Task inputs —
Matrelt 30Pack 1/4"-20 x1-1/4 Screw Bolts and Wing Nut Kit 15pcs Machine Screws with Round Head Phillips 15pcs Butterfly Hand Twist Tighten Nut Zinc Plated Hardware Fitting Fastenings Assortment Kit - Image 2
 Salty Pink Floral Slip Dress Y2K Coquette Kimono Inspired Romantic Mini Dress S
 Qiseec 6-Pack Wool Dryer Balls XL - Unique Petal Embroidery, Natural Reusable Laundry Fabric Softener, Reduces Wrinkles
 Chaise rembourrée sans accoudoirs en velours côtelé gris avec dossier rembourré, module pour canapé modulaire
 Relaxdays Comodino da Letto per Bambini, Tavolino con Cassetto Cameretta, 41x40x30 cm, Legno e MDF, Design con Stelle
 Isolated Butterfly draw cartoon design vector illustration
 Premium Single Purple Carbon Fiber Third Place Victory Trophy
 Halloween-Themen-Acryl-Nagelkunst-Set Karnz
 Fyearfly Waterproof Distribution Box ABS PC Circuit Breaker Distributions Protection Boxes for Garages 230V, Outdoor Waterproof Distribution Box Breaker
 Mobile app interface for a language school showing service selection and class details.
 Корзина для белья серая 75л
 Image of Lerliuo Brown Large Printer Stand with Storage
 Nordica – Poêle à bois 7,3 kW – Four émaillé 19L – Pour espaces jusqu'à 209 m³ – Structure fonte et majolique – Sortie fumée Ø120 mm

About this task —
Repeat exactly the lines of the material above, taking the first line, the line with "Chaise rembourrée sans", and every line between them.

Exercise solution —
Matrelt 30Pack 1/4"-20 x1-1/4 Screw Bolts and Wing Nut Kit 15pcs Machine Screws with Round Head Phillips 15pcs Butterfly Hand Twist Tighten Nut Zinc Plated Hardware Fitting Fastenings Assortment Kit - Image 2
 Salty Pink Floral Slip Dress Y2K Coquette Kimono Inspired Romantic Mini Dress S
 Qiseec 6-Pack Wool Dryer Balls XL - Unique Petal Embroidery, Natural Reusable Laundry Fabric Softener, Reduces Wrinkles
 Chaise rembourrée sans accoudoirs en velours côtelé gris avec dossier rembourré, module pour canapé modulaire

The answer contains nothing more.